19 April 2006 | Kastore
Must-see for Rena fans; sadly, you also must endure most of the rest of it
Rena Riffel gained some notice in the mid-90s, one of the results being her central role in "Scandalous Behavior". This movie could be viewed as an attempt to pass the torch from erotica queen Shannon Tweed to Riffel. It was a relief to see RR in a more fleshed-out (pun intended) character, demonstrating both her singular attractiveness and solid acting. However, as much as I got that warm feeling from watching Rena as the tough yet sympathetic victim, I was just as quickly disillusioned by James Hong's outrageous antics as a scheming foreign businessman.
For those like myself, you probably instantly identify James Hong as the chief villain in "Big Trouble in Little China". 'Lo Pan' was cool, sinister and mysterious, the last guy on earth you'd want to mess with. Not so in this movie.
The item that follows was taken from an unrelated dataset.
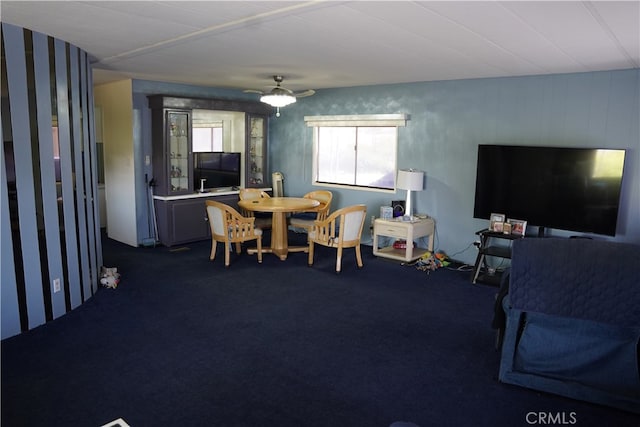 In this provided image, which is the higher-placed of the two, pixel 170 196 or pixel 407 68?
pixel 407 68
Apparently, being your own director gives one artistic license to put on a culture-clashing cowboy outfit and make a complete fool of yourself on screen. I cringed as Hong cut loose on a dance floor with a group of Texans, interspersed with him laughing like a madman and doing a terrible hillbilly impersonation.
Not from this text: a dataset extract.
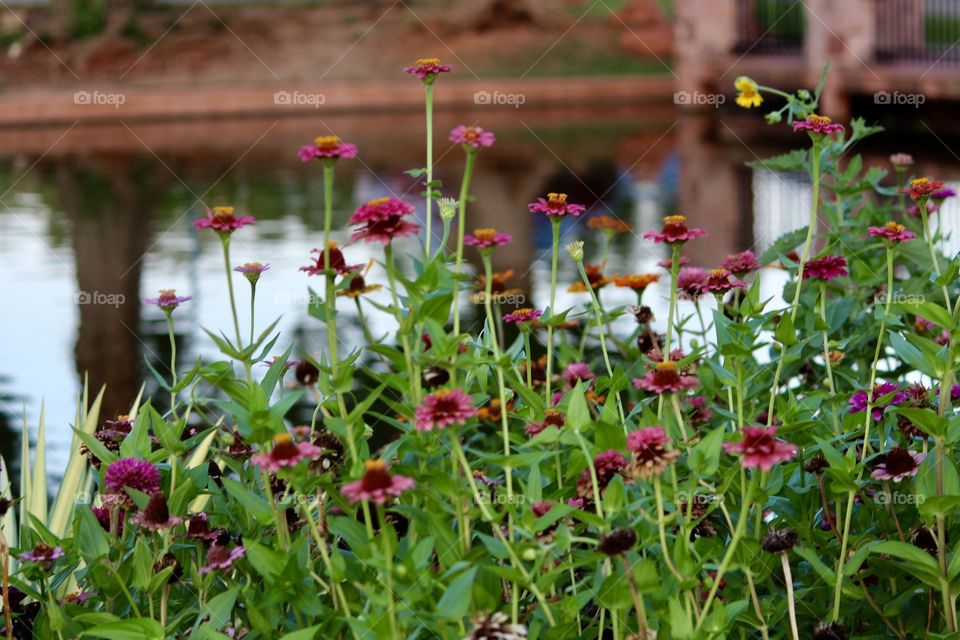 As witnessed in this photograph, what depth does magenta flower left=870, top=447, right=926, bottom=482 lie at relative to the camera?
5.78 feet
The rest of the movie is about what you expect from the genre. Dumb characters (what was the point of the two henchmen, anyway?), clumsy plot twists (the brother who suddenly cares more for Rena than her own fiancé does), and bad bad acting. Shannon Tweed is looking a bit ragged at this point and doesn't seem to put in as much effort here. Advice: shut the movie off after Shannon and Rena drive off in the car. Trust me you don't want or need to see the last 10 minutes. Not since "Howling: New Moon Rising" have I seen a more contrived use of line-dancing as a plot device.